Priti Patel has resigned from the Cabinet. Patel said that she accepted her decision to hold meetings with Israeli officials during her summer holiday without the prior say so of the government meant that her 'actions fell below the high standards that are expected of a secretary of state'. The secretary of state for international development went on to 'offer a fulsome apology' to the Prime Minister. Theresa May responded by saying 'now that further details have come to light' about exactly what Patel got up to on her summer jaunt, 'it is right that you have decided to resign'.

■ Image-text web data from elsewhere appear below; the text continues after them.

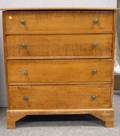 Maple and Tiger Maple Blanket Chest over Two Long Drawers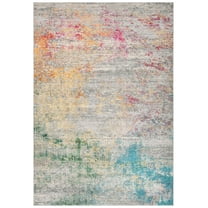 SAFAVIEH Madison Oscar Abstract Area Rug, Grey/Gold, 2' x 3'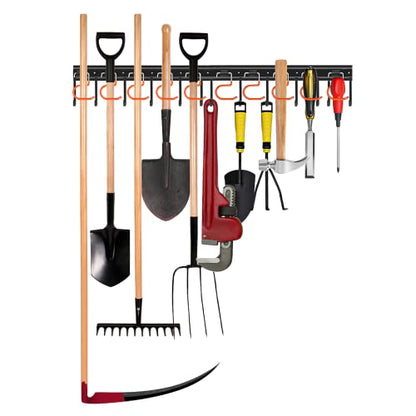 TVKB 34'' All Metal Garden Tool Organizer Wall Mount Garage Organizers and Storage with Hooks Tool Hangers for Shed - size: 34inch(17"x2pack)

Her resignation tonight is not much of a surprise. Westminster has spent the day watching the progress of Patel's journey back from Africa and it was clear that when she landed at Heathrow there was only one fate awaiting her. After it emerged last night that Patel had conducted a number of other, apparently undeclared, meetings with Israeli officials in September, it seemed inevitable she would have to walk. Now, it's official.
The government will be keen to draw a line under this resignation, which comes almost exactly a week to the very moment that Michael Fallon stepped down from the Cabinet. It seems we will have to wait for tomorrow to learn who replaces Patel and also find out whether May opts for another tinkering of the Cabinet – as she did in picking a replacement for Fallon – or whether she take s greater risk in opting for a wider reshuffle.
Either way, the government's options are limited. It is vital for May that in the wake of a disastrous fortnight in which she has now lost two ministers, some semblance of stability is resumed. But given her precarious position, that will be no easy task.